By Julia Reysner
Mahienour El-Massry is a lawyer and political activist from Egypt who promotes political freedoms and human rights in the country by organizing peaceful protests and defending political prisoners in courts. In Egypt, voicing disagreement with the official policy can be dangerous, and Mahienour El-Massry has been detained and put in jail several times for her activism. Nevertheless, she remains optimistic about the future of her country and committed to being an agent of positive change.
Mahienour El-Massry was born in Alexandria, Egypt, in a rather prosperous family. “Coming from a middle-class family makes you live in a kind of a bubble, especially in Egypt. You don’t see poverty, and you don’t see rich tycoons,” explains Mahienour. But as a teenager, she witnessed some events that had a profound impact on shaping her identity. One of them was the 2003 American intervention in Iraq. “Though I was totally against Saddam Hussein, I was a little bit shocked by the idea that it would be the people, the civilians who were going to pay the price of the American invasion,” says the activist.
Around the time Mahienour El-Massry went to study in a university, the Egyptian Movement for Change was launched, better known under its nickname Kefaya, or “Enough.” This grassroots coalition was formed to challenge Hosni Mubarak's presidency, political corruption, and human rights violations. “At that time, I was 18, and it made me think of the idea of dictatorship and the idea of policy. I joined the Kefaya movement, and this opened my eyes to a new Egypt,” recalls Mahienour.
She felt that her country and its people were paying a huge price because of the dictatorship, with virtually no alternatives to the ruling party. “The only other shaped political group was the Muslim Brotherhood, and they had a strange slogan, which was “Islam is the answer”,” says the activist. “I cannot understand such things.
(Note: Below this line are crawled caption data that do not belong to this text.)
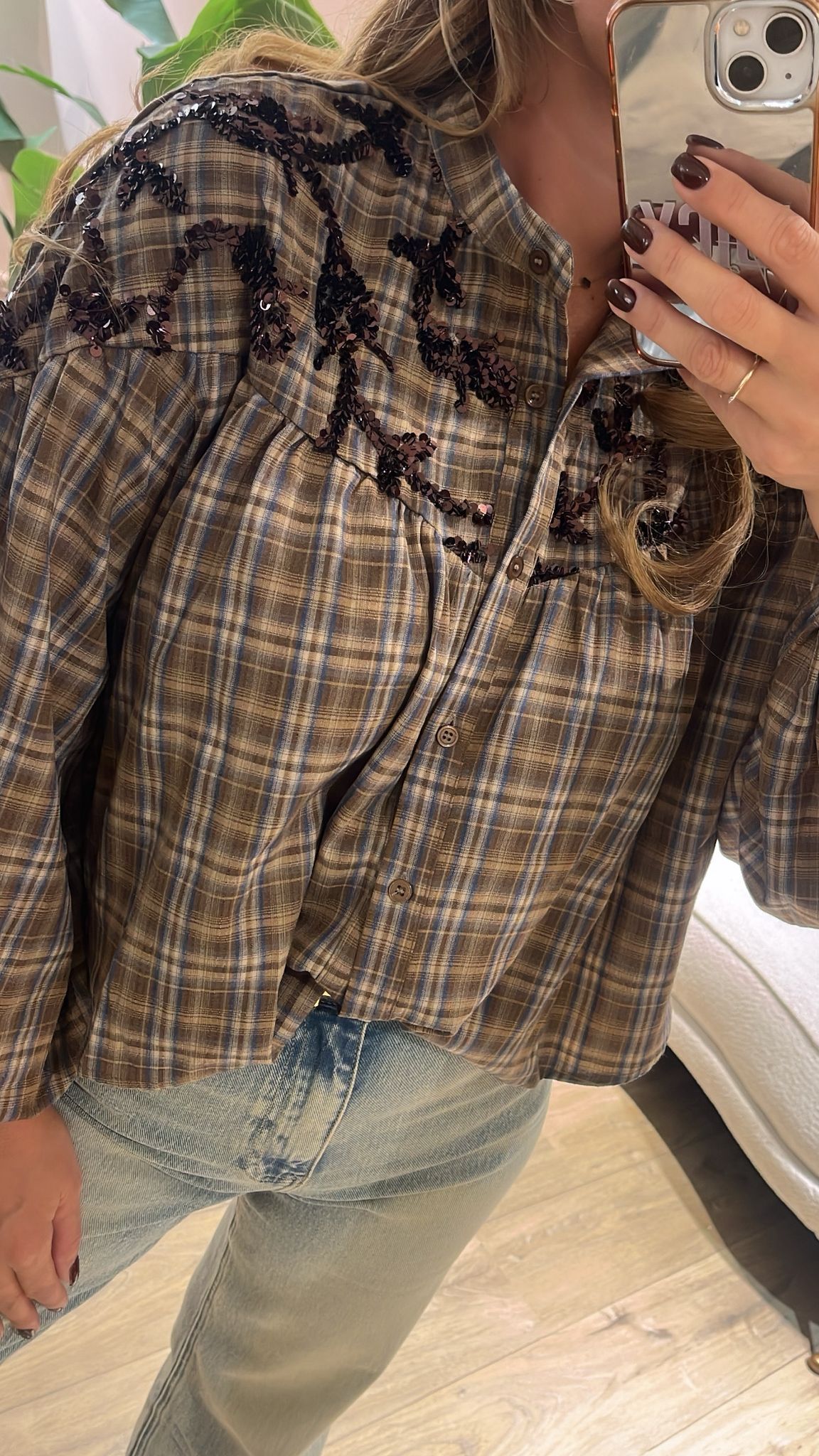 Sequin Check Blouse ✨ - taupe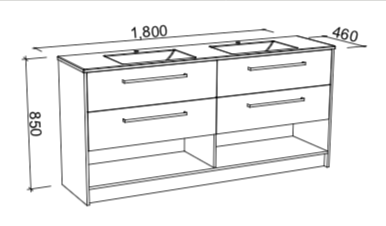 Timberline Kansas Floor Standing Vanity with Regal Acrylic Top - Wellsons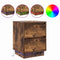 vidaXL Bedside Cabinet with LED Lights Smoked Oak 39x34.5x50 cm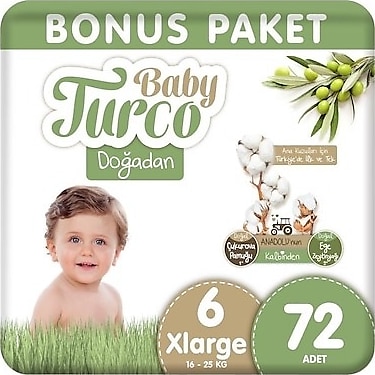 Baby Turco Doğadan 6 Beden XLarge 72'li Bebek Bezi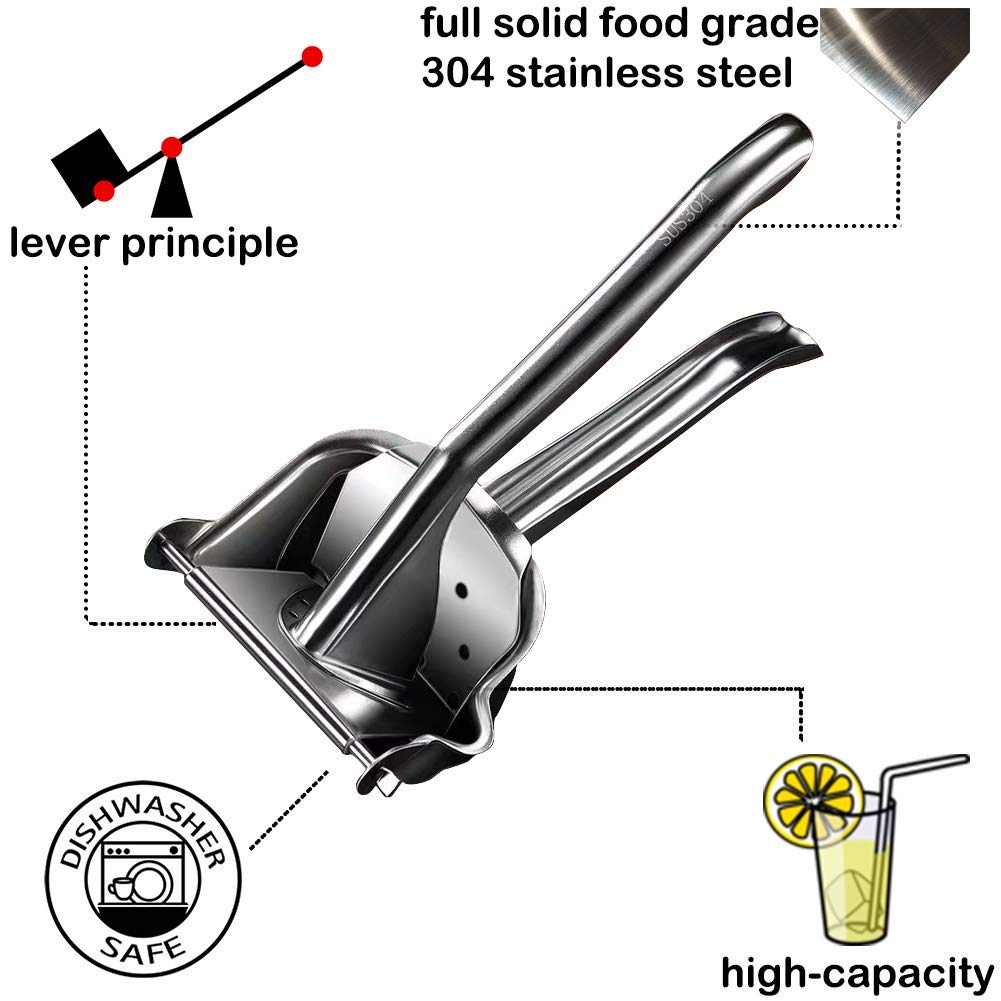 Real Stainless Steel Lemon Squeezer Citrus Juicer Hand Press Heavy Duty Manual Squeeze Juice Extractor Maker Orange Lime Grapefruit Presser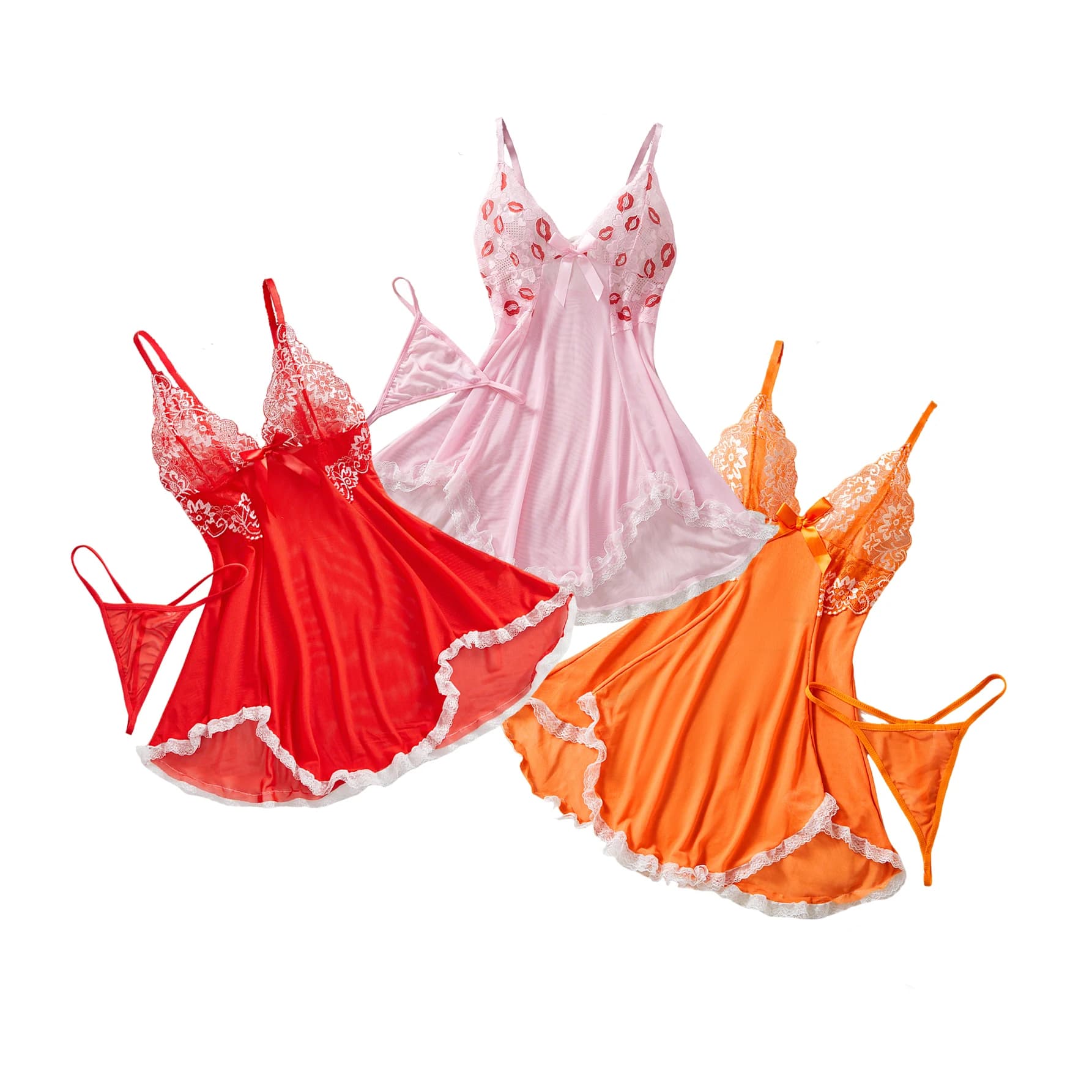 Romantic Dress Elegant Nightdress Lace Patchwork Sleepwear Sling Soft Dress And Thong Full Slip Hollow Bra Irregular Hemline
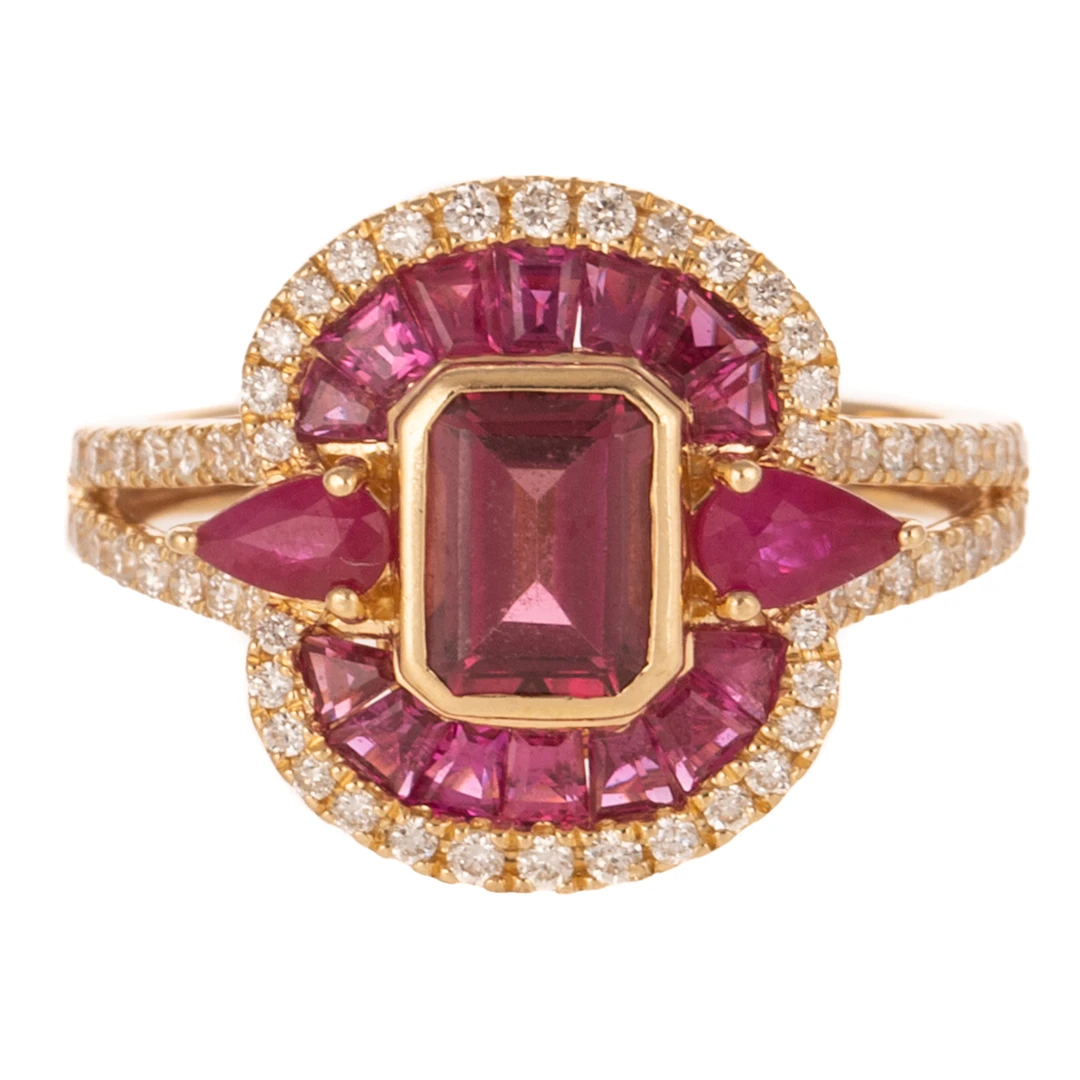 A Pink Tourmaline & Ruby Ring in 14K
You have to talk to me about economy, you have to talk to me about freedoms.”
Looking for answers and like-minded people, Mahienour joined a small Revolutionary Socialist group. “In Alexandria, where I come from, they started to displace people from their own houses to widen the port, for example, or to make new compounds. I helped the workers in the cement factories to fight against privatization and for their rights. I helped the fishermen, because there hasn’t been a syndicate or a union for them,” recalls Mahienour. “I started believing that people are not evil. Most of the people are put in very hard conditions that made them sometimes say or do wrong things. Evil people are a very small percentage in humanity, and we probably won’t find them in the streets. They have their own compounds and their own guns. They have their own palaces.”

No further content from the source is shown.